Many innovative companies in the UK face an ongoing challenge of identifying where their next funding round will come from. These companies are often sold at the earliest opportunity, rarely maximising the potential for development and denying investors the best return on their capital. This leaves commentators bemoaning the lack of a “British Google”, a “British Apple” or a “British Amgen”.

There are numerous government reports which highlight the value of innovative sectors to UK growth and we are fortunate to be world leaders in a number of sectors. However, lack of capital is having an effect on the number of products and technologies that are being commercialised here. In biosciences, for example, there are examples of companies being forced to relocate due to lack of funding. We are losing British science overseas and as a result the UK does not reap the benefits in terms of employment and tax revenues. Clearly when this is happening and we are unable to translate our world leading science due to lack of funds the government needs to get involved.

In December 2011, the UK government published an Innovation and Research Strategy for Growth and a Strategy for UK Life Sciences. Both documents identified the challenges of translating research into commercial application, particularly due to a lack of funding – the so-called “valley of death”.

The BIA has spoken to government, representative of other innovative sectors, banks, venture capital fund managers and other stakeholders about CIFs and met with a uniformly positive response from all the interested parties.

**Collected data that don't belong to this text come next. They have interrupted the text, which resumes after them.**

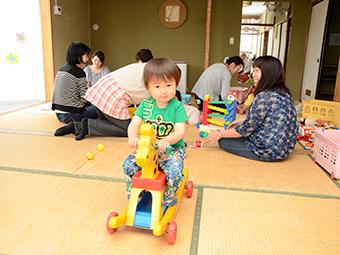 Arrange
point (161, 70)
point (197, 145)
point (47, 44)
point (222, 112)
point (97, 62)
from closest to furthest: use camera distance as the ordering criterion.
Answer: point (161, 70), point (197, 145), point (222, 112), point (97, 62), point (47, 44)

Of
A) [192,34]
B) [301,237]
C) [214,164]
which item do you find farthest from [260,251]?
[192,34]

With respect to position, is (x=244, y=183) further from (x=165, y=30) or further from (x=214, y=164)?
(x=165, y=30)

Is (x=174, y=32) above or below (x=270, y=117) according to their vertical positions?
above

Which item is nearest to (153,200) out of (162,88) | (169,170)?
(169,170)

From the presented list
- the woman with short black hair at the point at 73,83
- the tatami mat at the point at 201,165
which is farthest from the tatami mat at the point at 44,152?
the woman with short black hair at the point at 73,83

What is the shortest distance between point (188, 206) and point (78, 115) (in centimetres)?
178

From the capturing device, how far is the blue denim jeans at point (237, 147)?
2.31 metres

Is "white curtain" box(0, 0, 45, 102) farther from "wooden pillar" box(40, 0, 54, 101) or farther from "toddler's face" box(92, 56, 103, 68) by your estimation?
"toddler's face" box(92, 56, 103, 68)

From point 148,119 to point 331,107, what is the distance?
276 cm

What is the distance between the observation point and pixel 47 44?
4648 mm

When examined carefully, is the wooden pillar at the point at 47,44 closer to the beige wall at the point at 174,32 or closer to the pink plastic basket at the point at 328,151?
the beige wall at the point at 174,32

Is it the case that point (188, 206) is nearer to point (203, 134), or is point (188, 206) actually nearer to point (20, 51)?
point (203, 134)

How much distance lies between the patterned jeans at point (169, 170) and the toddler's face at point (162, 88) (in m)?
0.25

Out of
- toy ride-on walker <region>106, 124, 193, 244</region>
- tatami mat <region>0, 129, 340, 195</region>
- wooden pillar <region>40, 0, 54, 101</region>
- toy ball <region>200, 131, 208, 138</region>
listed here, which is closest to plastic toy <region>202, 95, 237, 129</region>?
toy ball <region>200, 131, 208, 138</region>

We feel that the report we have published today answers their questions and we look forward to working with them to bring this proposal to fruition. Most new legislative proposals presented to government are modelled on estimates; however our CIF proposal is based on more than 10 years of data from the French FCPI scheme.

Did the FCPI scheme work?

The data from the French scheme suggests that the FCPI funds have been good news for innovative companies in France. Compared to their non-FCPI-backed peers, FCPI-backed companies:

  • file three times as many patent applications
  • show faster growth in revenues
  • increase exports quicker
  • employ more people

Not only did the FCPI scheme help support a new generation of innovative French companies but it also engaged the population with those companies and, with the tax advantages taken into account, FCPIs have produced positive returns for investors.

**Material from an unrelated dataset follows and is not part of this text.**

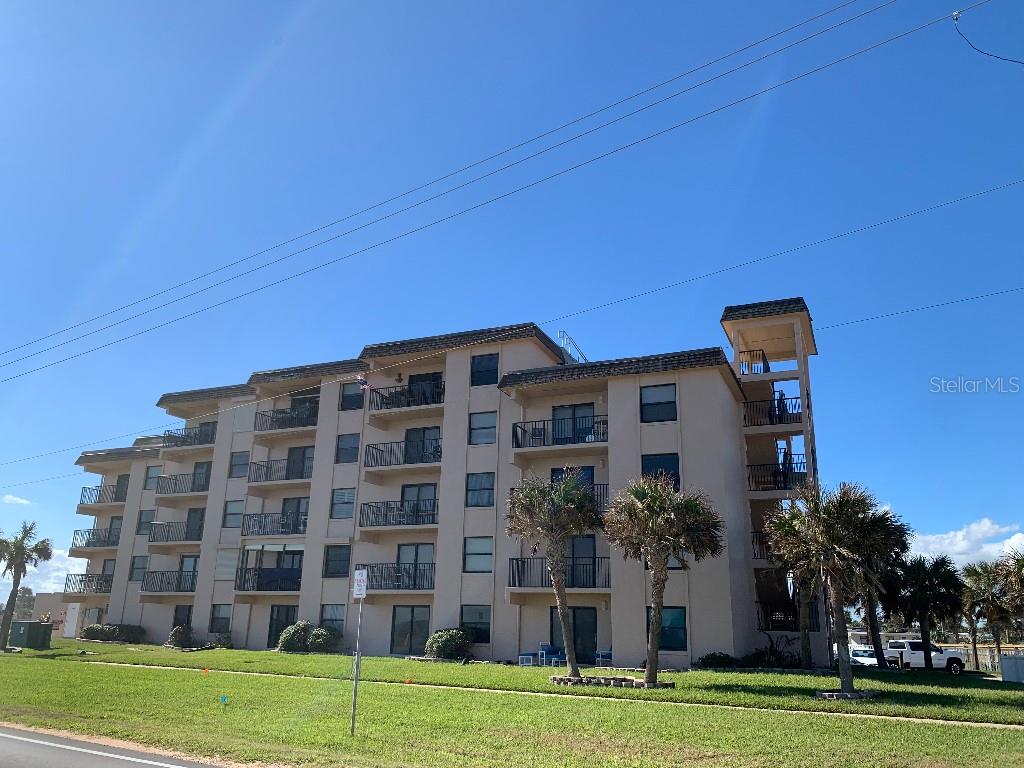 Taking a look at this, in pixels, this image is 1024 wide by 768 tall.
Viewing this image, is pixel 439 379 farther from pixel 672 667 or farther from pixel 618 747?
pixel 618 747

How would the CIF scheme work?

The BIA has proposed that CIFs would be easily available through high street banks, Independent Financial Advisors or other regulated distributors and represent an opportunity for the general public to engage with the innovation economy. Investors would be able to invest up to £15,000 each year and would receive an income tax break upon investment and a capital gains tax break on any returns.

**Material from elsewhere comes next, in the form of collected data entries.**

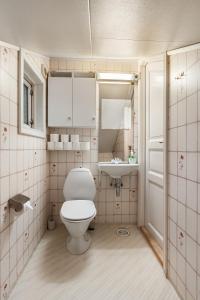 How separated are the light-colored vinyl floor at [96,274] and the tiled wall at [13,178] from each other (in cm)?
13

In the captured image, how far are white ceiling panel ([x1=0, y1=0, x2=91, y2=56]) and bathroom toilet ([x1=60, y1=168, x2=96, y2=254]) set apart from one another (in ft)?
4.34

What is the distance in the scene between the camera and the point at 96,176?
8.25ft

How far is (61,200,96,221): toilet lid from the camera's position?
167cm

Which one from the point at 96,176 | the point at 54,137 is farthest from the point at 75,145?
the point at 96,176

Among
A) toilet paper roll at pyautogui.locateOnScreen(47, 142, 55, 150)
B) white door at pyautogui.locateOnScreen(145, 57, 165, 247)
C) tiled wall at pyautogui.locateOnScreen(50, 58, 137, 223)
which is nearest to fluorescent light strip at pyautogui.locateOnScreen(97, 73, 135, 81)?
tiled wall at pyautogui.locateOnScreen(50, 58, 137, 223)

The CIF funds would be run by FSA-licensed fund managers, who would invest at least 60% of the fund in innovative companies and the remaining 40% freely, e.g. in bonds, stocks etc. We have proposed that CIF investors must hold their investment for five years (except in some specified circumstances e.g. death) for the tax break to remain valid and to ensure the right balance is met between the investor and the need to support companies.

Conclusion

The BIA is not asking government to give a hand out to innovative companies. We are asking them to give innovative companies a hand up by introducing Citizens’ Innovation Funds. This will enable the crowdfunding of a new generation of companies and speed the commercialisation of their innovative products and services.